> _MATERIAL SUPPLIED_
-=-=-=-=-

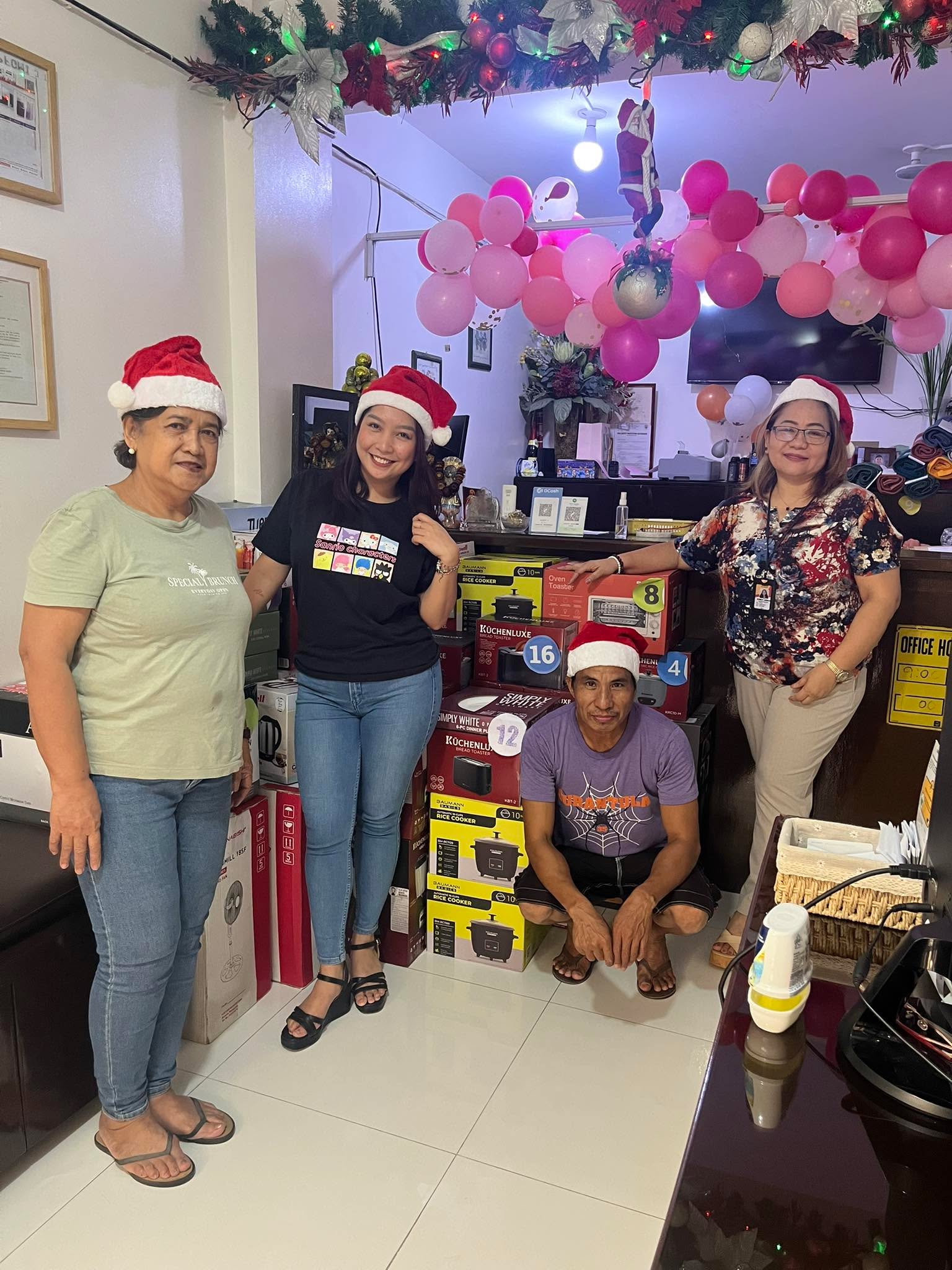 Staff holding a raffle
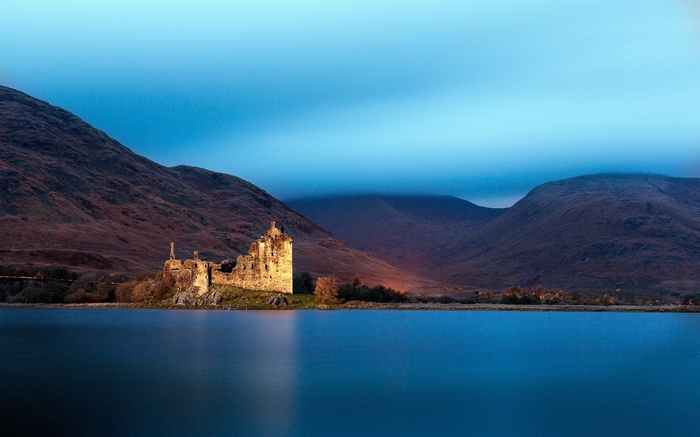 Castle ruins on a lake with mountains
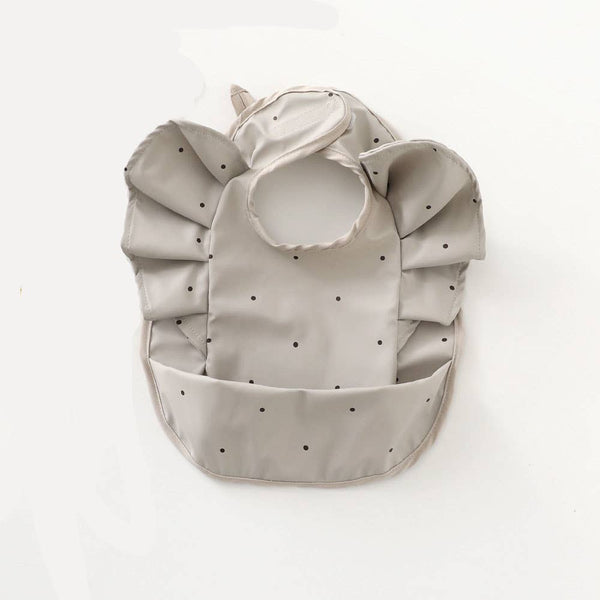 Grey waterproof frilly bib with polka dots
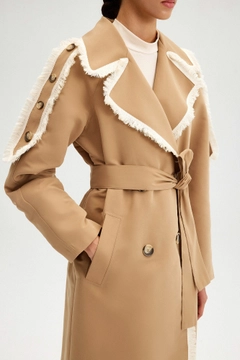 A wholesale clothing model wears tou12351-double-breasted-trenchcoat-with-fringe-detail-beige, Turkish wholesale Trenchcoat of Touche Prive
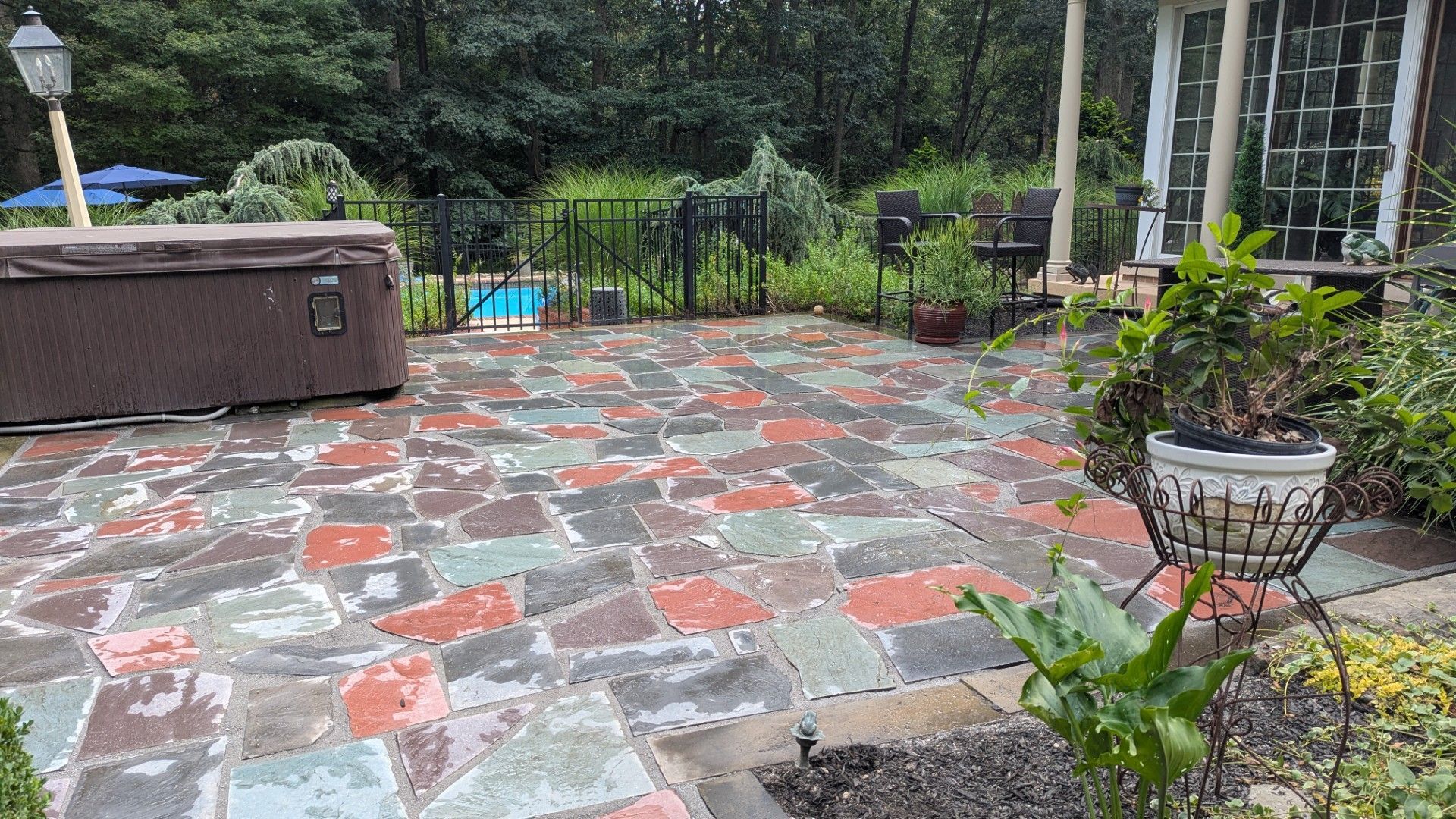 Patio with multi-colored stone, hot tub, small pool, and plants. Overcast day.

-=-=-=-=-

> _WHAT YOU HAVE TO DO_
Hand back exactly the lines from the one with "Grey waterproof frilly bib with polka dots" through the last line of the data above, both ends included, with every picture left out.

> _SOLUTION FOR THIS PROBLEM_
 Grey waterproof frilly bib with polka dots
 A wholesale clothing model wears tou12351-double-breasted-trenchcoat-with-fringe-detail-beige, Turkish wholesale Trenchcoat of Touche Prive
 Patio with multi-colored stone, hot tub, small pool, and plants. Overcast day.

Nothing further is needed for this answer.